С сими словами старик стремительно удалился, оставя Шевро в неприятной борьбе с привязанностию к нему, как к другу, и с отвращением от всякой новой человеческой связи, отвращением, которое он сам перед собою своим бессилием оправдать старался.

Мервиль через минуту возвратился, ведя за руку миловидного веселого мальчика, одетого в черное платье.
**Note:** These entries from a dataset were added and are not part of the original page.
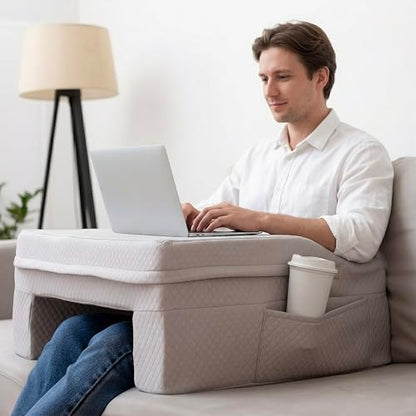 Laptop Pillow for Bed & Couch – 24" Lap Desk with High Density Foam, 16" Leg Spacing, Arm Rests, Side Pockets, 2 Washable Covers | Gaming, Reading, Steam Deck, Switch
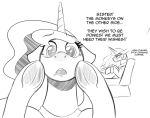  2019 acesential breaking_the_fourth_wall dialogue duo english_text equid feral friendship_is_magic greyscale hair horn looking_at_viewer mammal monochrome my_little_pony princess_celestia_(mlp) princess_luna_(mlp) sibling simple_background sister sisters text underhoof winged_unicorn wings 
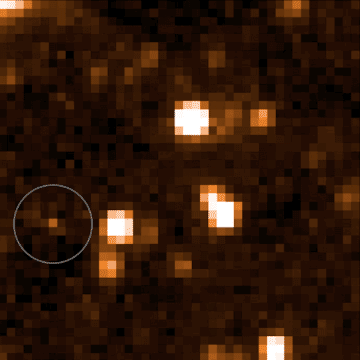 Cette tache sombre est la naine brune « L'Accident ». // Source : NASA/JPL-Caltech/Dan Caselden Cette tache sombre est la naine brune « L'Accident ». // Source : NASA/JPL-Caltech/Dan Caselden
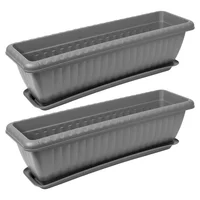 Set X2 Matera Rectangular Con Plato 45Cm Para Jardín Y Hogar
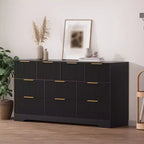 Cassettiera a 10 cassetti per camera da letto, cassettiera in legno da 149,86 cm con maniglie dorate, cassettiera grande scanalata, supporto TV, organizer per vestiti per camera da letto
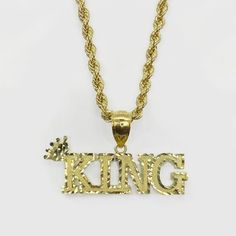 10k Solid Gold King Crown Word Charm Pendant for Men Boy * Metal : Real 10K Yellow Gold * Condition : Brand New * Finish : Polished * Width : X Small (26.3mm) / Small (32.8mm) / Medium (39.4mm) / Large (45.8mm) * Weight : X Small (2.2gram) / Small (3.1gram) / Medium (4.9gram) / Large (6.5gram) This is an approximate size & weight. Please expect up to ±10% difference. * Necklace (optional) : 3.2mm Rope * Processing time : 1~2 business days * Ships from California This is 100% Authentic 10k Gold. Gold King Crown, King Crown, Unique Gifts For Him, Gold Rope Chains, Kings Crown, Crown Design, Girl Friend, Charm Pendant Necklace, Custom Name Necklace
-- Луи, -- сказал он, -- вот тот благородный человек, который может заступить место твоего доброго отца, которого ты должен об этом просить, которому должен дать слово, что будешь его любить, почитать, за отеческие попечения его платить совершенным послушанием и самою нежною внимательностию.

Шевро, сраженный именем Луи, бросился на стул; а мальчик, который побежал было к нему с невинною, открытою веселостию, возвратился с торопливостию к Мервилю, но, по первому ласковому слову старца, опять приблизился к Шевро, который в сию минуту залился слезами, просил его приятным, трогательным голосом не плакать, позволил взять себя на руки, прижался миловидным личиком к его груди и наконец невольно сам зарыдал с ним вместе. С сего времени, среди безмолвного, взаимного излияния чувствительности, заключился между ними тайный, нежный союз, которому никогда разрушиться не надлежало.

Знакомство с сыном, натурально, произвело и знакомство с матерью, которая медленно оправлялась от своей болезни или, лучше сказать, медленно приходила в себя после жестокого удара, нанесенного ей судьбою. Столь же естественно двум несчастным, которых сердца наполнены одиноким, нежным воспоминанием о предметах, им драгоценных, вверить друг другу свою горесть, наконец соединить и слезы, и вздохи... Ни слова о следствиях! Читатель, знающий человеческое сердце, предскажет их и не ошибется.